So i constantly hear everyone saying that the IPC is so horrible. Yet ive never heard what the IPC actually is. I know its the instructions per cycle, but i have no idea how to determine how many IPC it has. How many does my 2500K have?
Computing absolute IPC is easy to do if you are interested in the theoretical maximum for a given microarchitecture, but theoretical max is rarely relevant.
Instead, what is relevant is actual IPC, which is always something smaller than the theoretical IPC value because of the very reason CPU's have cache - the dataset itself that is being created or analyzed or changed must get to the circuits in the CPU.
And the latency in doing that is to blame for actual IPC's being less than theoretical IPC.
Take a 2500K which has higher actual IPC than an FX-8150, remove the L3$, L2$, and L1$, and it will still have the same theoretical IPC but the actual IPC will be something worse than that of a Celeron 300A.
But, a Celeron 300A's theoretical IPC is far less than even the actual IPC of a 2500K, which is why Intel doesn't take a 300A and just bolt on the same L1$, L2$ and L3$ that they bolted onto a 2500K and call it a day...even if they added all that cache to a Celeron 300A the actual IPC would merely become more closer to the 300A's theoretical IPC which is still far lower than the actual IPC of a 2500K with all that cache.
Now then...as said above, knowing the theoretical IPC is easy if you have the microarchitecture details, but determining the actual IPC is not at all straightforward because it is (1) instruction mix dependent (there are >700 instructions in the ISA, see pic below) which makes it software application dependent, and (2) the dataset itself is user-dependent as well as application dependent.
^ that is a lot of instructions, and each one has a unique theoretical IPC, as well as an actual IPC (effective IPC) which is data-set dependent (cache stalls, data dependencies, etc).
And so computing a specific number for the effective IPC is not at all straightforward.
What is straightforward is to make relative comparisons, on a clock-normalized basis, in the benchmark performance of difference CPU's and microarchitectures.
Compare a 4GHz Thuban to a 4GHz Zambezi to a 4GHz Sandy Bridge.
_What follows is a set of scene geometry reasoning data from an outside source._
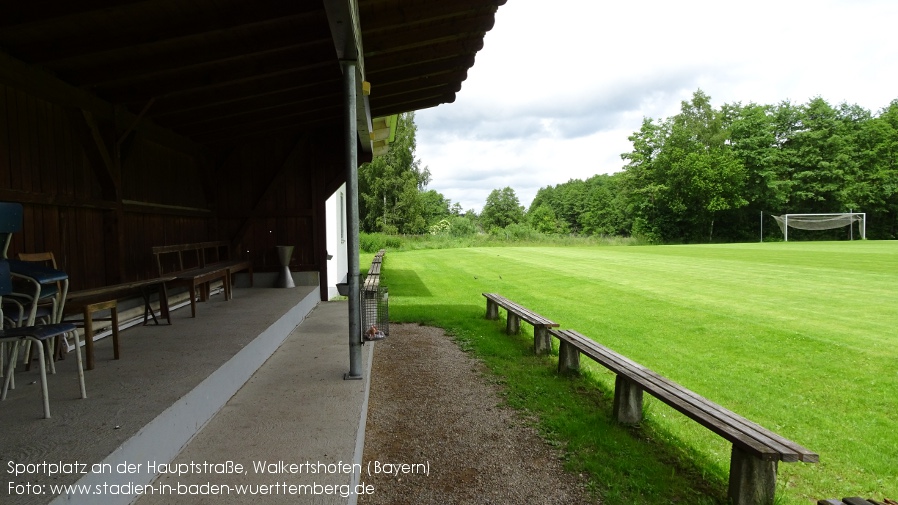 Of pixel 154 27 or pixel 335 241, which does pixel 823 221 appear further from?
pixel 154 27

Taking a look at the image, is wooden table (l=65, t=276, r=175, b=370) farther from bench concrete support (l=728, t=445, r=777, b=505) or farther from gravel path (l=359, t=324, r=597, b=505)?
bench concrete support (l=728, t=445, r=777, b=505)

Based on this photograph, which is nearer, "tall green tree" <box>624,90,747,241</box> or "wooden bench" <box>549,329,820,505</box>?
"wooden bench" <box>549,329,820,505</box>

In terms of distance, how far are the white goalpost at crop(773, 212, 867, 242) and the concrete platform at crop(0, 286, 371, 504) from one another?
140 feet

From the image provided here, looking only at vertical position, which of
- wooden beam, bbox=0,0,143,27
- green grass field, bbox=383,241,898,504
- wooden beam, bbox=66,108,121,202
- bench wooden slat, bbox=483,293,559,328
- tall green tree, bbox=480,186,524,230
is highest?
tall green tree, bbox=480,186,524,230

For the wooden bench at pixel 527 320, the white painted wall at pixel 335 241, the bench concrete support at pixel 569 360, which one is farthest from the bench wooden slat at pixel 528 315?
the white painted wall at pixel 335 241

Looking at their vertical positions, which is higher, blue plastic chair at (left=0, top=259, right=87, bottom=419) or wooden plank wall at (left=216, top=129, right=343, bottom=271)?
wooden plank wall at (left=216, top=129, right=343, bottom=271)

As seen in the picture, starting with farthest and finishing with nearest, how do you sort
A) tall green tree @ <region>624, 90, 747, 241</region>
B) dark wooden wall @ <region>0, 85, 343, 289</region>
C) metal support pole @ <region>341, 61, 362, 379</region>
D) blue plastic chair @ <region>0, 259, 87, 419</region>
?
1. tall green tree @ <region>624, 90, 747, 241</region>
2. dark wooden wall @ <region>0, 85, 343, 289</region>
3. metal support pole @ <region>341, 61, 362, 379</region>
4. blue plastic chair @ <region>0, 259, 87, 419</region>

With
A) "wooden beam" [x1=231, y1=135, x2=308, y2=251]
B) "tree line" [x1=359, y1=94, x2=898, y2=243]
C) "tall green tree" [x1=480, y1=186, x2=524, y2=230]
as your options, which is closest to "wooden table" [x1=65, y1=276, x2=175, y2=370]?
"wooden beam" [x1=231, y1=135, x2=308, y2=251]

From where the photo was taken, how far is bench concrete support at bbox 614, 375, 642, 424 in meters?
3.77

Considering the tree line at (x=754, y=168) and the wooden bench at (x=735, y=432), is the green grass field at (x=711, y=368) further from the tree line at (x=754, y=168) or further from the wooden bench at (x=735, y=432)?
the tree line at (x=754, y=168)

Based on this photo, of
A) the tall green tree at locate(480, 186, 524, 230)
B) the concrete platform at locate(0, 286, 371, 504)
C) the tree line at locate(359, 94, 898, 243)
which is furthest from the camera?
the tall green tree at locate(480, 186, 524, 230)

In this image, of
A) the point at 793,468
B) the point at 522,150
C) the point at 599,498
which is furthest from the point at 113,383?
the point at 522,150

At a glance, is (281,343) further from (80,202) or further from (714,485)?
(714,485)

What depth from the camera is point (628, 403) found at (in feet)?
12.4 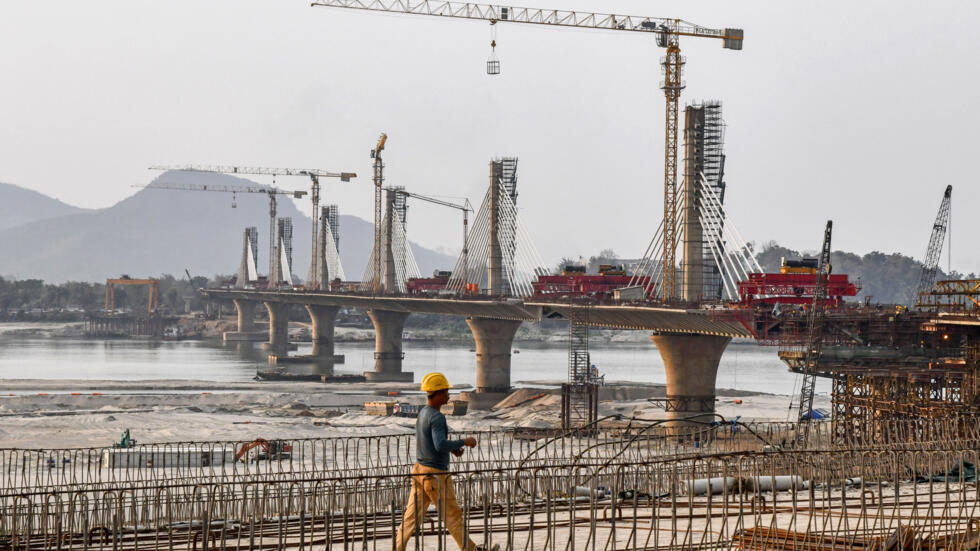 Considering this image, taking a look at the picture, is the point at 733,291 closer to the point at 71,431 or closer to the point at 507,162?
the point at 71,431

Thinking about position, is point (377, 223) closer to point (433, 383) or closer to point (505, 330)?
point (505, 330)

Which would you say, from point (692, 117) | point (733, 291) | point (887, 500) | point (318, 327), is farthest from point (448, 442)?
point (318, 327)

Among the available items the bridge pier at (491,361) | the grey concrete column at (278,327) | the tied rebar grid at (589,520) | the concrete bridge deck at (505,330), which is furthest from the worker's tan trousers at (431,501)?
the grey concrete column at (278,327)

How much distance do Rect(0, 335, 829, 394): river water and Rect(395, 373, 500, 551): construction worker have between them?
106491mm

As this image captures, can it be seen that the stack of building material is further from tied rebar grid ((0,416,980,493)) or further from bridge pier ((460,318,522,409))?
bridge pier ((460,318,522,409))

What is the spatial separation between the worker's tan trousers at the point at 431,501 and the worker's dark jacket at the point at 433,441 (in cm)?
12

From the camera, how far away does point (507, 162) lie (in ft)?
388

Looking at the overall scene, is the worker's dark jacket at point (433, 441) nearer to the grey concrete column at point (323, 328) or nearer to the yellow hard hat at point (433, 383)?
the yellow hard hat at point (433, 383)

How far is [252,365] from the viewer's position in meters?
157

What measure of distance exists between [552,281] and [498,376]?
9.62 meters

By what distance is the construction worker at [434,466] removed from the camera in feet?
50.1

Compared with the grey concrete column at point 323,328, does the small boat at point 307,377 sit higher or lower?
lower

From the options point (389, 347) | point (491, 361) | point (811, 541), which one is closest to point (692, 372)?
point (491, 361)

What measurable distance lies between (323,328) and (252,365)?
13969 millimetres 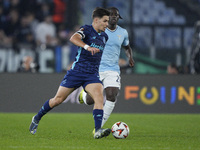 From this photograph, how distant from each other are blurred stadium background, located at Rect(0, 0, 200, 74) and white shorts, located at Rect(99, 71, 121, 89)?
6630 millimetres


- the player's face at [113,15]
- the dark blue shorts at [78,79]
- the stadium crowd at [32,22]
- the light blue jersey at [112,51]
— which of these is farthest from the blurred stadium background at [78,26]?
the dark blue shorts at [78,79]

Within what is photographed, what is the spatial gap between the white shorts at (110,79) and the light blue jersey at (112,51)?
0.09 metres

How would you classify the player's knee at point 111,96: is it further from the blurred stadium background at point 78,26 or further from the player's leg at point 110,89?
the blurred stadium background at point 78,26

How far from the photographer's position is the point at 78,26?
17797 mm

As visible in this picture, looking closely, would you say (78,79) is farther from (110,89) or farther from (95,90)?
(110,89)

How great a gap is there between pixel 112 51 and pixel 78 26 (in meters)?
8.45

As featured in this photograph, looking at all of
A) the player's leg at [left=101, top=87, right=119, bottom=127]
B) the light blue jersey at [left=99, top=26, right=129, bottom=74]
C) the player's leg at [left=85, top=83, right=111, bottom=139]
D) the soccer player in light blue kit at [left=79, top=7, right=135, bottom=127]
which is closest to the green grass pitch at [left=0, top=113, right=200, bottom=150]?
the player's leg at [left=85, top=83, right=111, bottom=139]

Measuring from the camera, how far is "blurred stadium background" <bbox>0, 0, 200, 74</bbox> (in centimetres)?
1605

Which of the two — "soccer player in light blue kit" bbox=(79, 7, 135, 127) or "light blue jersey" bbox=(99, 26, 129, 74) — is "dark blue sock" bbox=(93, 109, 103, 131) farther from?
"light blue jersey" bbox=(99, 26, 129, 74)

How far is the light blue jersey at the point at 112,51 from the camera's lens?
9.43 meters

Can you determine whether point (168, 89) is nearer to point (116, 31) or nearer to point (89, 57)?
point (116, 31)

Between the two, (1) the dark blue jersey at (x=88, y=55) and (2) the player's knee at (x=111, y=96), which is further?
(2) the player's knee at (x=111, y=96)

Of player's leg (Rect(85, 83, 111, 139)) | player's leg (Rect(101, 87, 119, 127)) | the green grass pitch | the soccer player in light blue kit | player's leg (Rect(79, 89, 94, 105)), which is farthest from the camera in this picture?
player's leg (Rect(79, 89, 94, 105))

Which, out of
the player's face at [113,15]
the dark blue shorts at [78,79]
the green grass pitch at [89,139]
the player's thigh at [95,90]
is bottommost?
the green grass pitch at [89,139] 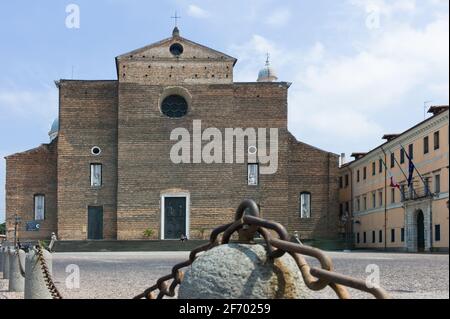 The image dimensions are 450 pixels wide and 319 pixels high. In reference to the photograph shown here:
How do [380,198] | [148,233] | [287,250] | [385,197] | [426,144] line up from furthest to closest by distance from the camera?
[148,233]
[380,198]
[385,197]
[426,144]
[287,250]

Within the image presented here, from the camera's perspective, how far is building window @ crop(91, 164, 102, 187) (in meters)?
41.8

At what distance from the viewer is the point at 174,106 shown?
42250mm

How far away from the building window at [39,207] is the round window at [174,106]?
32.3 ft

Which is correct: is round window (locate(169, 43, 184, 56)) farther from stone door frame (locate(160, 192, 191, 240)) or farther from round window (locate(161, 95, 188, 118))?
stone door frame (locate(160, 192, 191, 240))

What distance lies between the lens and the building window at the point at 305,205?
140ft

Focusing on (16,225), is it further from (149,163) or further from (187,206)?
(187,206)

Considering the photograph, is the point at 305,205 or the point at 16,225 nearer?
the point at 16,225

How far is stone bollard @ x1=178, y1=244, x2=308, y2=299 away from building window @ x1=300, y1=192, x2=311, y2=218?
4089 cm

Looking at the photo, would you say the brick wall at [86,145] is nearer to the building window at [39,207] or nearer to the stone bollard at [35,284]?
the building window at [39,207]

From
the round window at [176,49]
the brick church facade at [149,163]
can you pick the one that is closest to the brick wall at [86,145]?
the brick church facade at [149,163]

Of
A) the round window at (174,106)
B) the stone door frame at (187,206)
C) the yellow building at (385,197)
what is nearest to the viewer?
the yellow building at (385,197)

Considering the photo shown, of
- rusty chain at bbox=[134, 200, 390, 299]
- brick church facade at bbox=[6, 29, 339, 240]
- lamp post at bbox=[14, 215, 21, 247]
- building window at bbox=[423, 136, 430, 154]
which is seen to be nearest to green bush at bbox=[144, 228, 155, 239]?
brick church facade at bbox=[6, 29, 339, 240]

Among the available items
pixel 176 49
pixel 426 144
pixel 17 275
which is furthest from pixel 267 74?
pixel 17 275

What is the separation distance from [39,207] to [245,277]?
137 ft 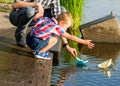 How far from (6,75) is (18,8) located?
141cm

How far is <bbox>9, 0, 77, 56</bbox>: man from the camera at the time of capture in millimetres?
5746

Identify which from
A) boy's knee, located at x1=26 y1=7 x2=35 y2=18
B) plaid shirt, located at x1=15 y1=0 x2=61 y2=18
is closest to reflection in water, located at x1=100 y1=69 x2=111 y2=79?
plaid shirt, located at x1=15 y1=0 x2=61 y2=18

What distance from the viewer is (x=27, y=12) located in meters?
5.77

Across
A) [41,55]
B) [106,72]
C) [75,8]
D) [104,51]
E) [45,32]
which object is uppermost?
[75,8]

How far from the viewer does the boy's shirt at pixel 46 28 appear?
18.2 feet

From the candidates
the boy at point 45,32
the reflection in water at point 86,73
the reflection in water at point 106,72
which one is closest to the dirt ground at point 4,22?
the reflection in water at point 86,73

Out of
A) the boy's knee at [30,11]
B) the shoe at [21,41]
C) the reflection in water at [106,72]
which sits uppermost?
the boy's knee at [30,11]

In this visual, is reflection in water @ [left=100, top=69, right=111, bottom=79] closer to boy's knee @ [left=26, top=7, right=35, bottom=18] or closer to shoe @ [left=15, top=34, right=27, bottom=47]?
shoe @ [left=15, top=34, right=27, bottom=47]

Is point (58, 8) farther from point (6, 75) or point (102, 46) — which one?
point (102, 46)

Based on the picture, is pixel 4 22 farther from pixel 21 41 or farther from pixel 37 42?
pixel 37 42

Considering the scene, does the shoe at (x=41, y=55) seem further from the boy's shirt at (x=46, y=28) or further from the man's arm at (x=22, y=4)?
the man's arm at (x=22, y=4)

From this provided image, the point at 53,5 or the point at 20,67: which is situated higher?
the point at 53,5

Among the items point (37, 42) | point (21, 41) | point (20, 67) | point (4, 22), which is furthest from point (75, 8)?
point (20, 67)

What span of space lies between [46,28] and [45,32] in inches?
2.1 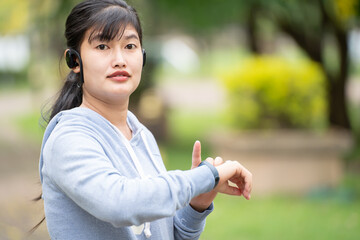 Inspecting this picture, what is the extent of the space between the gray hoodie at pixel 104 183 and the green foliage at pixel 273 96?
5597 mm

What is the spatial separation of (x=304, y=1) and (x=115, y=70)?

From that kind of a clock-normalized analysis you can arrive at reasonably useful IPC numbers which can then be used to speak to the underlying strengths and weaknesses of a given microarchitecture.
Performance = IPC x GHZ x Threads x Thread_Scaling_Factor
^ both IPC and thread_scaling_factor are application dependent (instruction mix dependent) as well as data-set dependent.
Thus you must find benchmarks that are suitable proxies for generating IPC and thread-scaling info which are indicative of the same class of general software applications that are relevant to the user class. (server apps for server markets, desktop apps for desktop markets, etc)
So just analyzing the actual IPC portion alone will still fail in capturing a significant portion of the performance-impacting characteristics of the overall processor/platform package.